Assignment — From the line that contains "The first one, even" through the closing line of the entries, write out each line exactly; pictures stay out.

[[ Data records open ]]

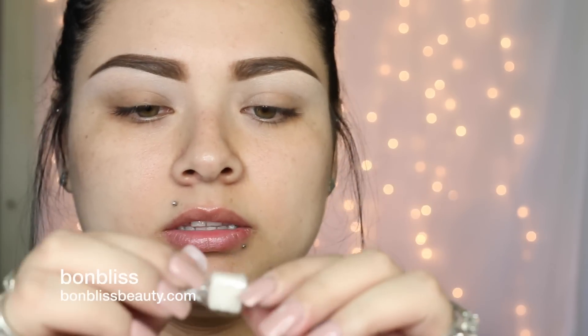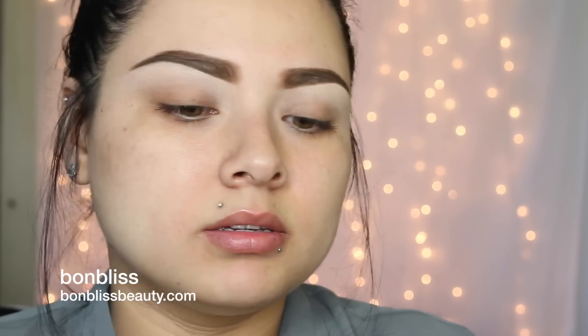Hey guys, welcome back to my channel. So today's video is going to be on my contouring and highlighting — usually what I do every day. I already showered, washed my face, and exfoliated. I use these little candy-like exfoliating things — I forgot the name of the company but I'll put it on the screen — and I did exfoliate my face with them. They smell so good.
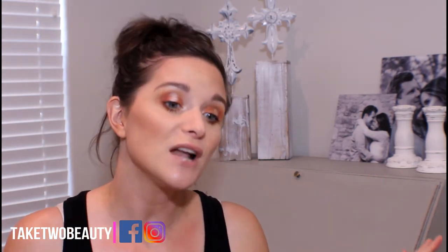Before we jump into the video, don't forget to subscribe to our channel. When I say 'our,' I mean me and my sister — she might not be in a lot of videos but we are going to be filming very soon. You can also find us on social media: Twitter, Instagram, Facebook — Take Two Beauty.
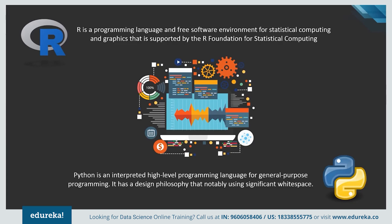Both programming languages are free and open source and were developed in the early 90s. R is a powerful scripting language, highly flexible with a vibrant community and resource bank. Whereas Python is a widely used object-oriented language which is easy to learn and debug.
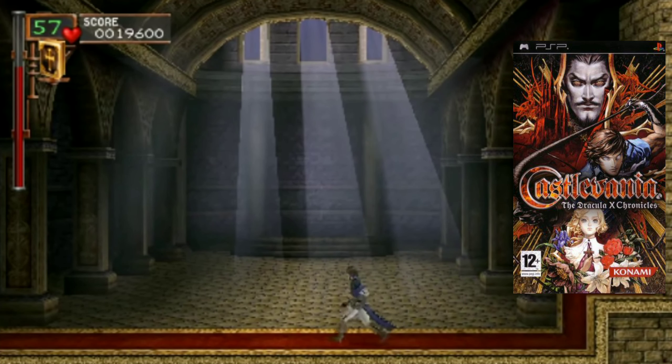At number two we have Valkyrie Profile: Lenneth. This was one of my favorite RPGs on PlayStation 1 - it's the first RPG that turned me on to turn-based timing-based combat. If you've played Shadow Hearts or Super Robot Taisen OG Saga: Endless Frontier on DS, you're going to love the combat system here. It's turn-based timing-based, not super in-depth, but very addictive.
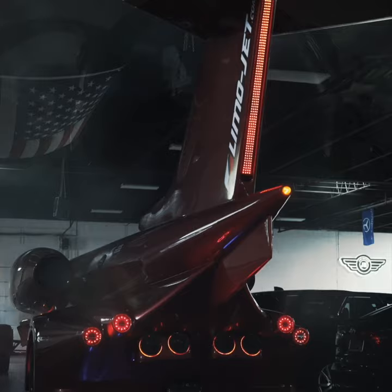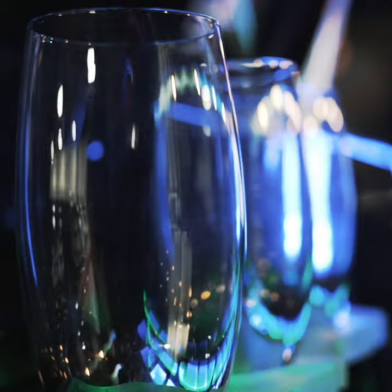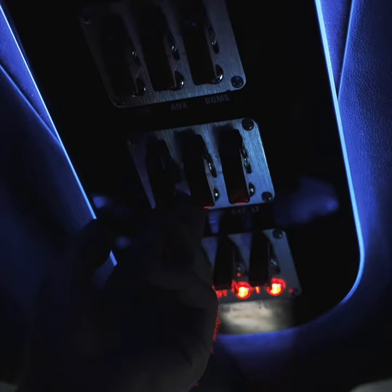The LimoJet sits on 28-inch Diablo wheels and is equipped with a fully illuminated custom bar, 20 speakers, a fog machine, a master Kenwood unit, and a 32-inch LED TV.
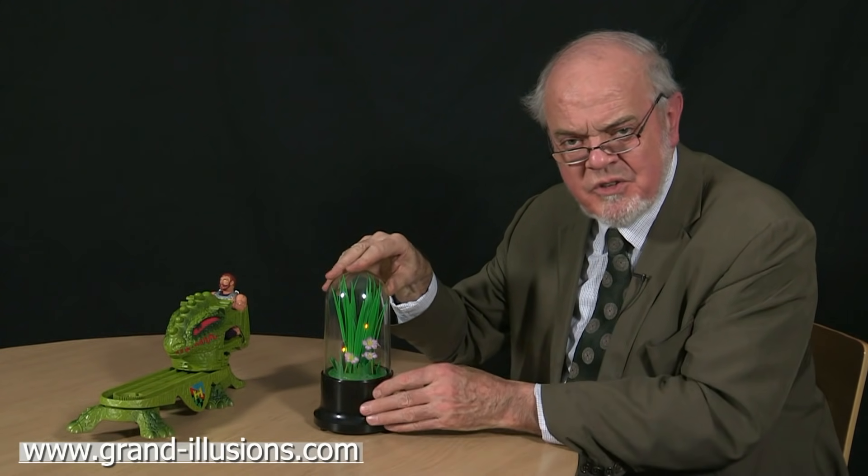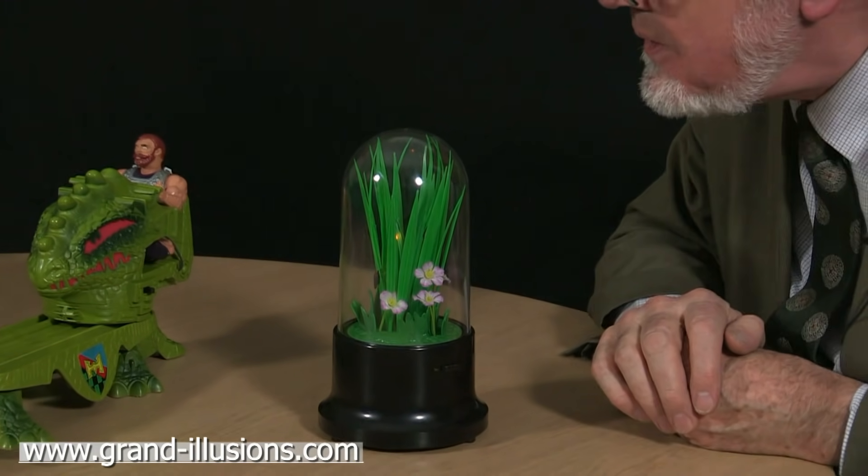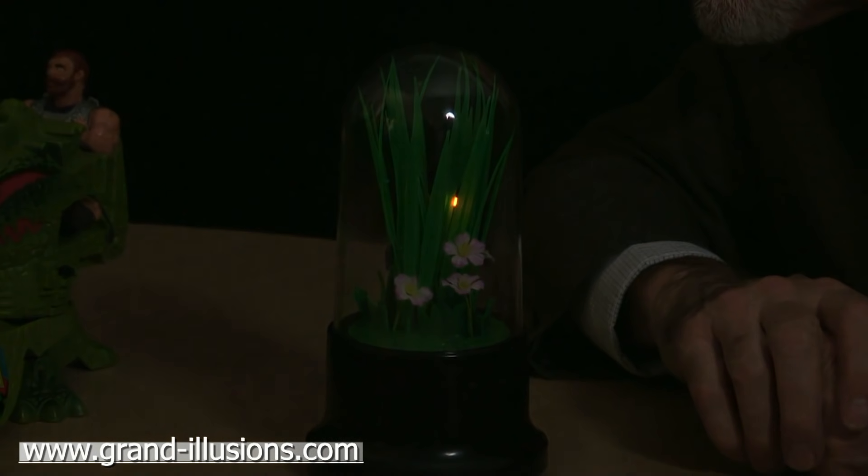The first one, even when it's switched on, you hardly notice anything happening. There are motors going on inside, so you have to dim the lights and heighten your awareness, and then you'll see very, very slowly and carefully there are little lights coming on and going off again. They're supposed to be fireflies in this tall sub-grass — but what an extraordinarily low-key thing this is.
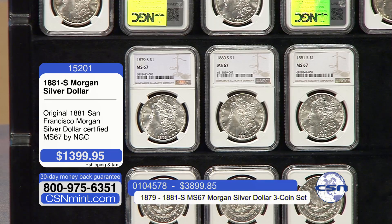Hello and welcome to the CSN Mint. I'm Kevin Cash, joined by my good friend Corey Cady. Corey and I are so excited today, folks. This is the first time that the CSN Mint have been able to bring you, as collectors, original Morgan dollars certified in the high grade of Mint State 67, all from the San Francisco Mint.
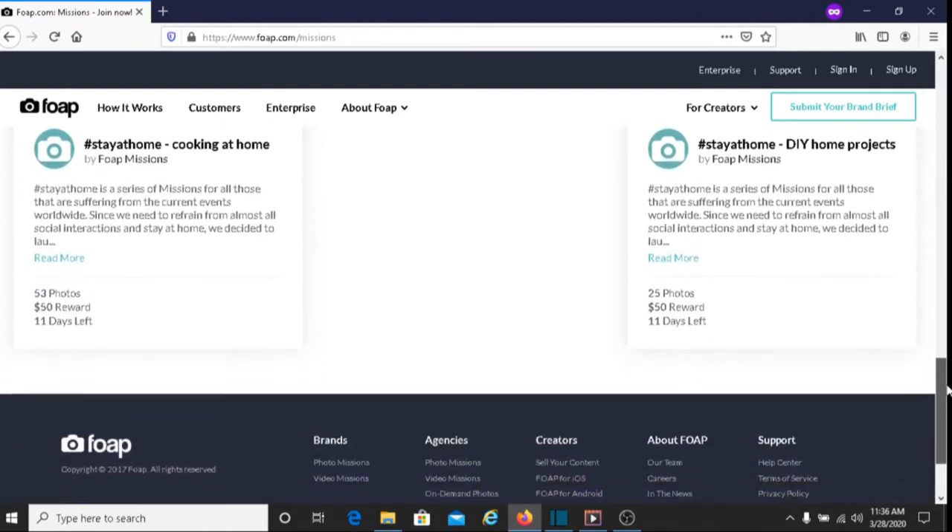It's like a contest type thing, and if they choose your photo, you can earn money for that. They may pay $600 for the best photo, the photo that they think is the best. If you want to learn more about the mission program, I'll put that information and a link below this video.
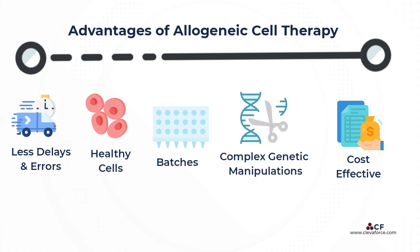Allogeneic treatment aligns with the current business model of pharmaceutical companies and maximizes the commercial potential and profit margins.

[[ Data records closed ]]

Finished exercise —
The first one, even when it's switched on, you hardly notice anything happening. There are motors going on inside, so you have to dim the lights and heighten your awareness, and then you'll see very, very slowly and carefully there are little lights coming on and going off again. They're supposed to be fireflies in this tall sub-grass — but what an extraordinarily low-key thing this is.
Hello and welcome to the CSN Mint. I'm Kevin Cash, joined by my good friend Corey Cady. Corey and I are so excited today, folks. This is the first time that the CSN Mint have been able to bring you, as collectors, original Morgan dollars certified in the high grade of Mint State 67, all from the San Francisco Mint.
It's like a contest type thing, and if they choose your photo, you can earn money for that. They may pay $600 for the best photo, the photo that they think is the best. If you want to learn more about the mission program, I'll put that information and a link below this video.
Allogeneic treatment aligns with the current business model of pharmaceutical companies and maximizes the commercial potential and profit margins.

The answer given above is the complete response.